We push on northeast to Ouadane, our driver weaving skilfully across the sea of dunes. There’s a boy tending his flock of goats. Two men whizz by on white camels. We stop and Zac, our four-year-old, enjoys leading a camel off into the sand. Ouadane is an old town built from terracotta rock, rising from, and blending into, the surrounding cliffs.

Here we stay at Auberge Vasque, run by the charismatic Zaida, who is a haratin, a freed slave in Mauritania’s complex caste system. The only other guests are Isabel, who is from Portugal and has a gallery in Nouakchott, selling locally sourced art and antiques (mainly to expats), and a Frenchman who teaches in the capital.

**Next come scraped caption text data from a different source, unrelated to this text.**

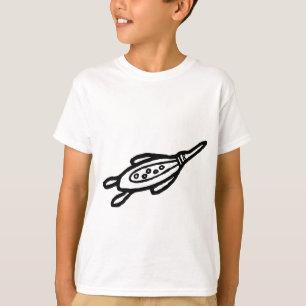 Platypus, Australian drawing(Aborigine) T-Shirt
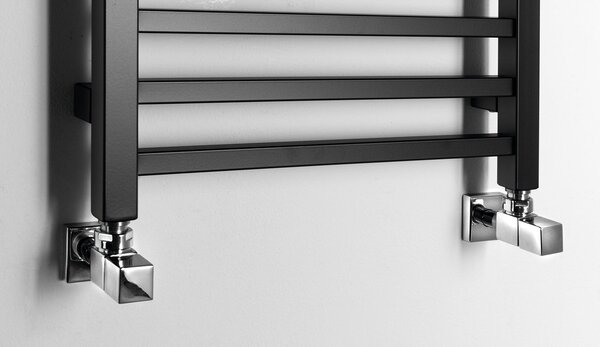 Sapho Sapho, METRO fűtőelem 450x890 mm, fekete matt, IR400TB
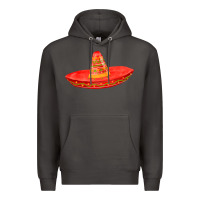 Smoke red sombrero fa element Premium Hoodie - FaDigitalArtStudio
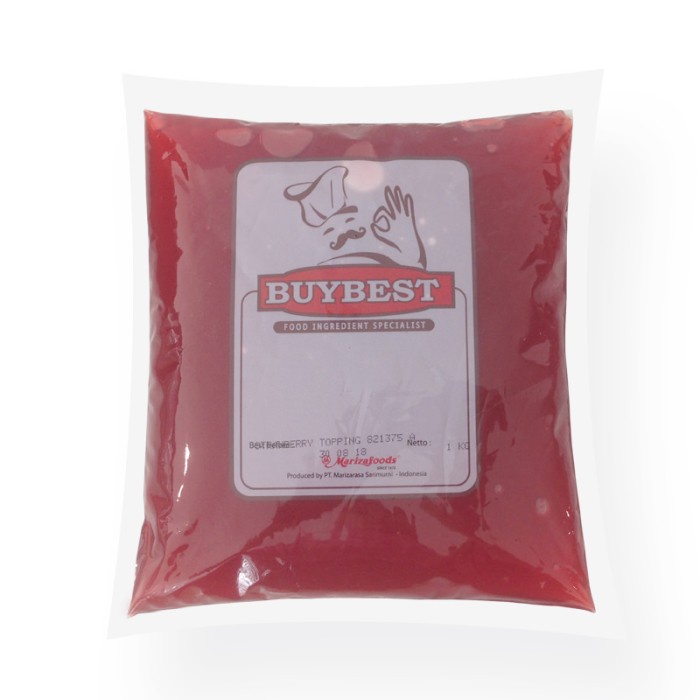 

Jual Buybest Strawberry Topping 1 Kg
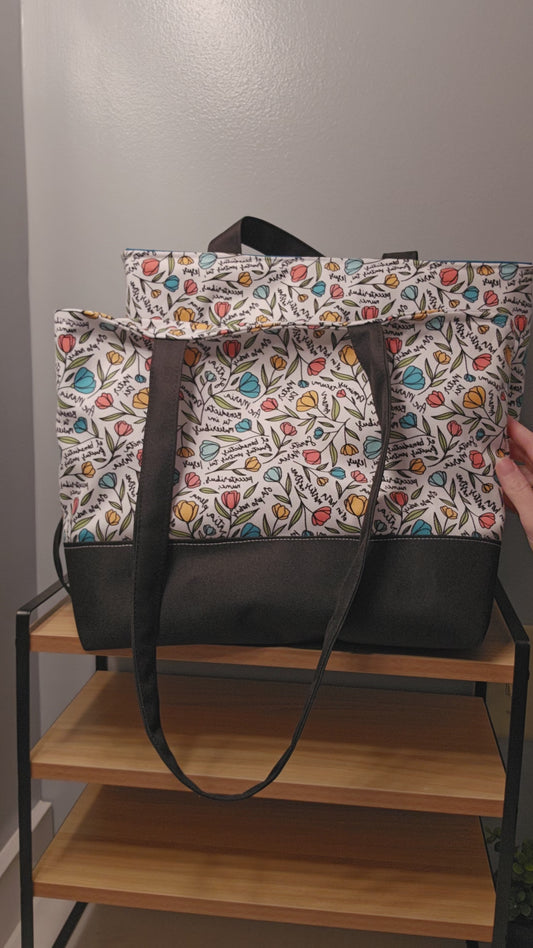 Tote bag video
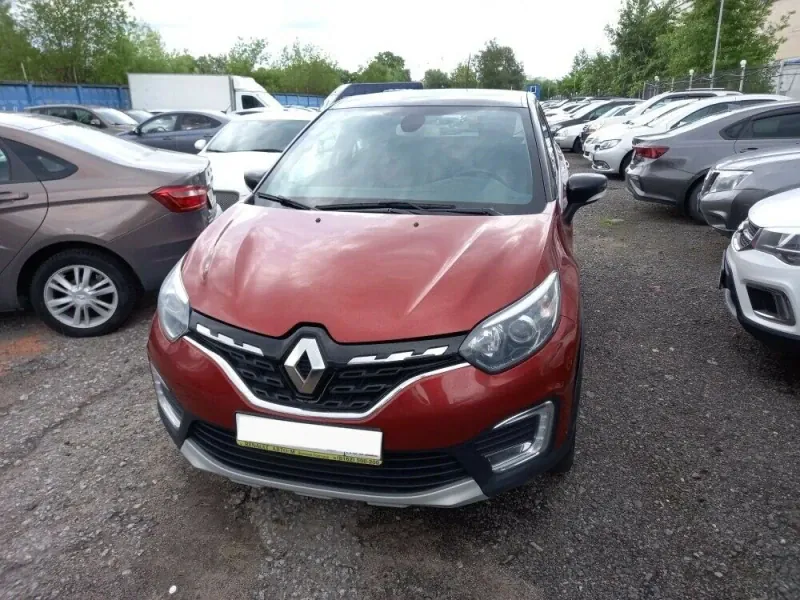 Renault Kaptur, 2020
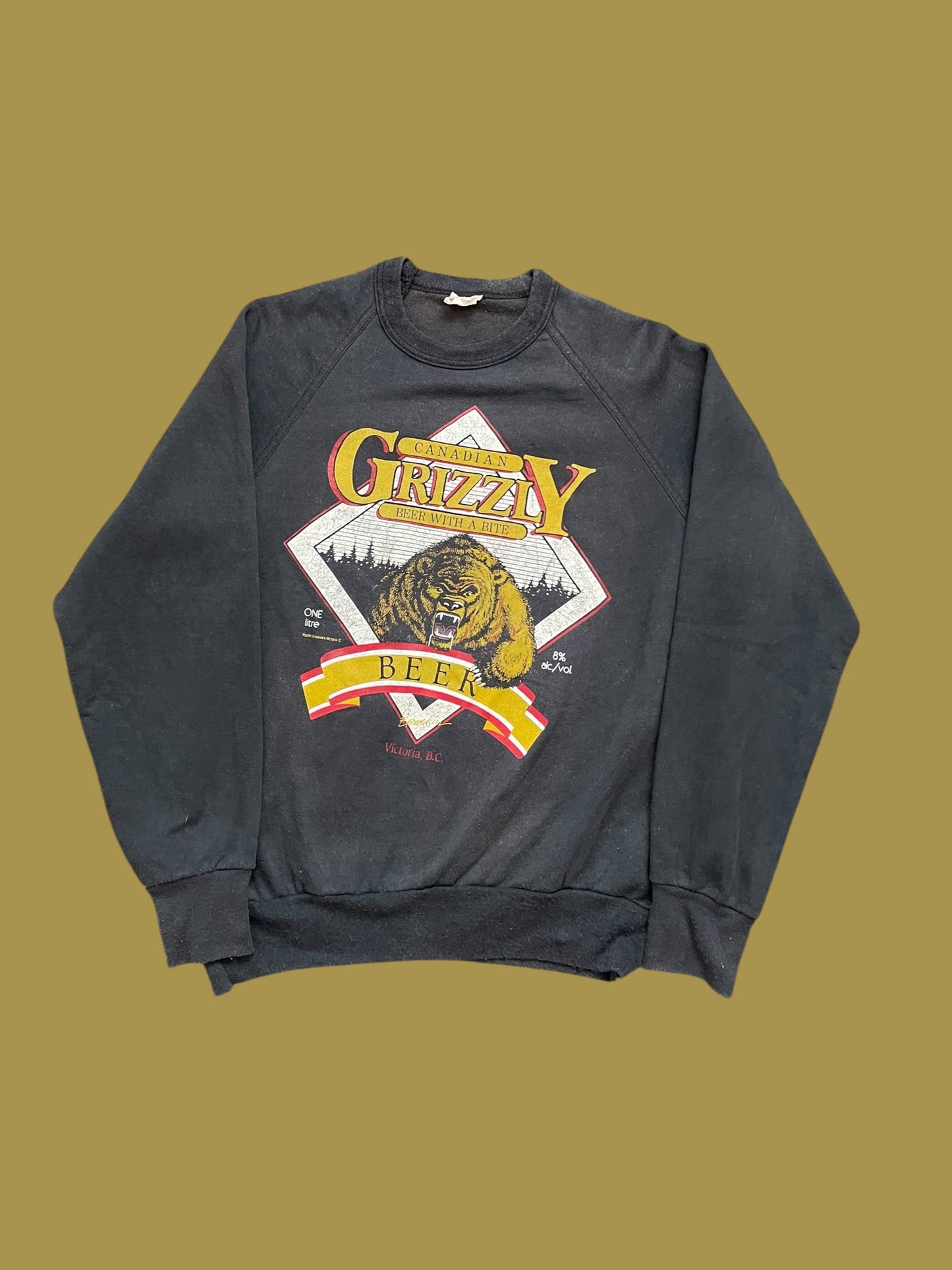 CANADIAN GREEZY BEER (M)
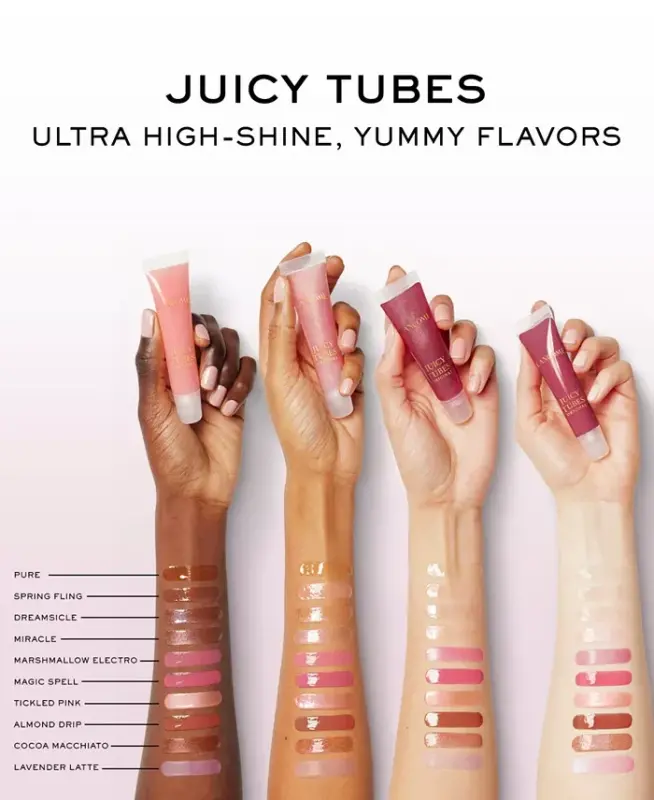 Juicy Tubes Original Lip Gloss - 16 Almond Drip - 4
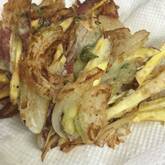 玉ネギの円盤揚げ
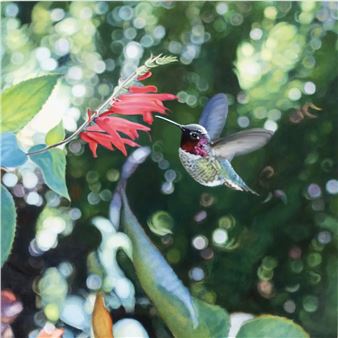 Diane Andrews Hall: Reverberations - Rena Bransten Gallery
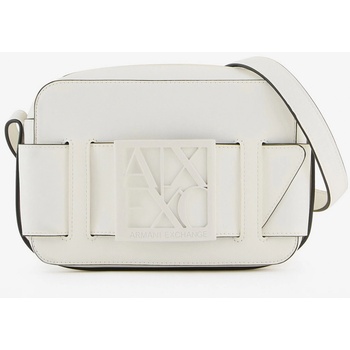 Armani Exchange Bílá dámská crossbody kabelka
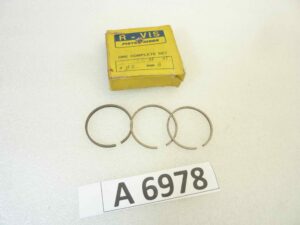 Kit fasce elastiche Gilera 48 diametro 38,2 nuovo fondo di magazzino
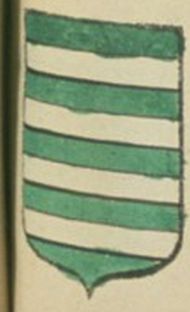 Arms of Cloth merchands in Caudebec-en-Caux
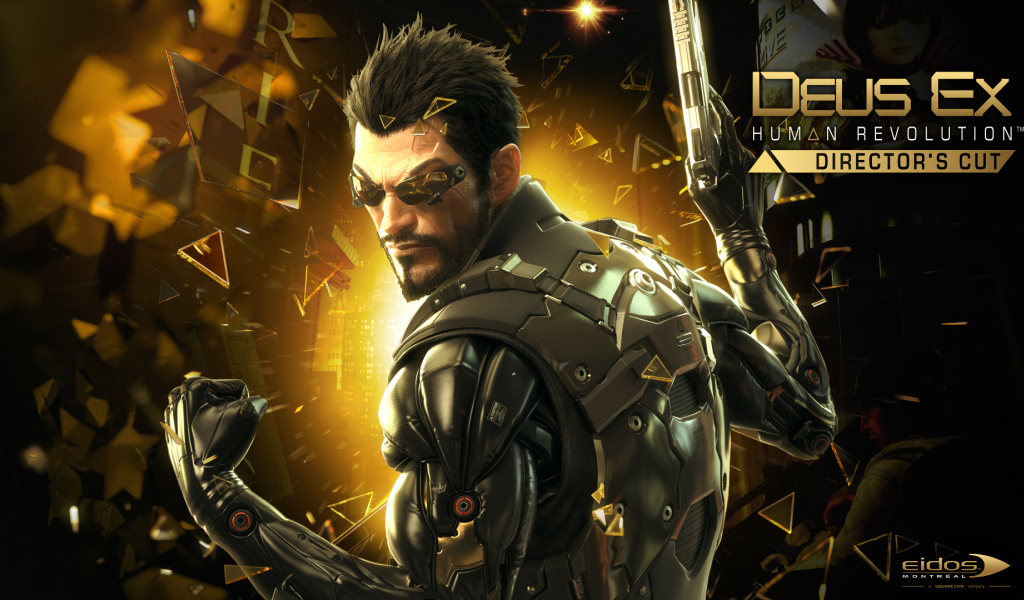  Deus Ex: Human Revolution: лучшие заставки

We spend our days picnicking in the desert under robin-egg blue skies, visit Qur’anic schools – usually under a tree rather than in a classroom – where children learn the Qur’an by heart from wooden slabs; we climb on to the rooftops, looking out over the mosque’s rock minaret and down into the oldest house, now a museum, full of bygone treasures.

On our way back, we stop at Terjit, another oasis, where the water flows out of a mountainside. This time there are springs to dip in, under a canopy of palms. We walk along a shallow stream, the boys laughing as fish nibble our toes. That night we camp among seductively curved dunes, wind-rippled slopes and silence. Life is good. In fact, it’s time for another tea: a short, sweet explosion of hot liquid, heated in the sand over coals.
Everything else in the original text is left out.